Response from Secretary of State Edward Davey to the Intergovernmental Panel on Climate Change (IPCC) Fifth Assessment Report (AR5): The Latest Assessment of Climate Science
Today, Friday 27 September, the United Nations Intergovernmental Panel on Climate Change (IPCC) has published the first of three volumes of the fifth Assessment Report - the most comprehensive assessment of the science of climate change ever undertaken.
The Secretary of State for Energy and Climate Change Edward Davey conveyed the urgency of addressing the report’s latest findings and said:
The message of this report is clear - the Earth’s climate has warmed over the last century and man-made greenhouse gases have caused much of that global warming. The gases emitted now are accumulating in the atmosphere and so the solutions must be set in motion today. The risks and costs of doing nothing today are so great, only a deeply irresponsible government would be so negligent.
Without urgent action to cut greenhouse gas emissions this warming will continue, with potentially dangerous impacts upon our societies and economy. This strengthens the case for international leaders to work for an ambitious, legally binding global agreement in 2015 to cut carbon emissions.
This report is the most authoritative , credible analysis of climate change science ever.
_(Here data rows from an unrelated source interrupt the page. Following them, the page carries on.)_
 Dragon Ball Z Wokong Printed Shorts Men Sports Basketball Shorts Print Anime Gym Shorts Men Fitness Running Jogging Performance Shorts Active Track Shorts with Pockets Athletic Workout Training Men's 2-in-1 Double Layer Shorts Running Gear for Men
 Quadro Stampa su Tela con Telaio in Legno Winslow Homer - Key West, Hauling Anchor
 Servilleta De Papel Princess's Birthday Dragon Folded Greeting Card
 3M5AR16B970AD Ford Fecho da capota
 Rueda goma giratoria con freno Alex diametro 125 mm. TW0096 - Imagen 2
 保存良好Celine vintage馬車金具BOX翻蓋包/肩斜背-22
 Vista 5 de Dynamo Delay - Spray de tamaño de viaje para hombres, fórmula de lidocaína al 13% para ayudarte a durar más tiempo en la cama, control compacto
It represents a huge amount of work by over 250 unpaid scientific experts drawn from universities and research institutes in 39 different countries around the world. We owe them our gratitude because this report makes clear what is at stake if we don’t act.
Prof David MacKay FRS, Chief Scientific Advisor to the Department of Energy and Climate Change, said:
“I’m not a climate scientist, but I often read the climate science literature and attend meetings where climate scientists discuss their work.
“The climate science community are doing excellent, open science: climate scientists are healthily critical of their own work, and well aware of the questions that have yet to be resolved.
“The climate system is astonishingly complex, and I admire the steady progress that climate scientists are making to improve our understanding of this remarkable, dynamic world in which humanity is sustained. The IPCC’s fifth assessment report has been produced by the generous work of hundreds of scientific experts drawn from universities and research institutes around the world. There is no equivalent of the IPCC in any other area of science.
“This latest report is the most authoritative and comprehensive report to date of our understanding of climate change. The scientific consensus is that the world has warmed and will warm more, owing to human activities. There is robust evidence that human greenhouse gas emissions are already changing our world; global temperatures have risen every decade for the last three decades, oceans are acidifying, rainfall patterns are changing, sea levels are rising, arctic sea ice is declining, and some extreme weather events are becoming more frequent and intense.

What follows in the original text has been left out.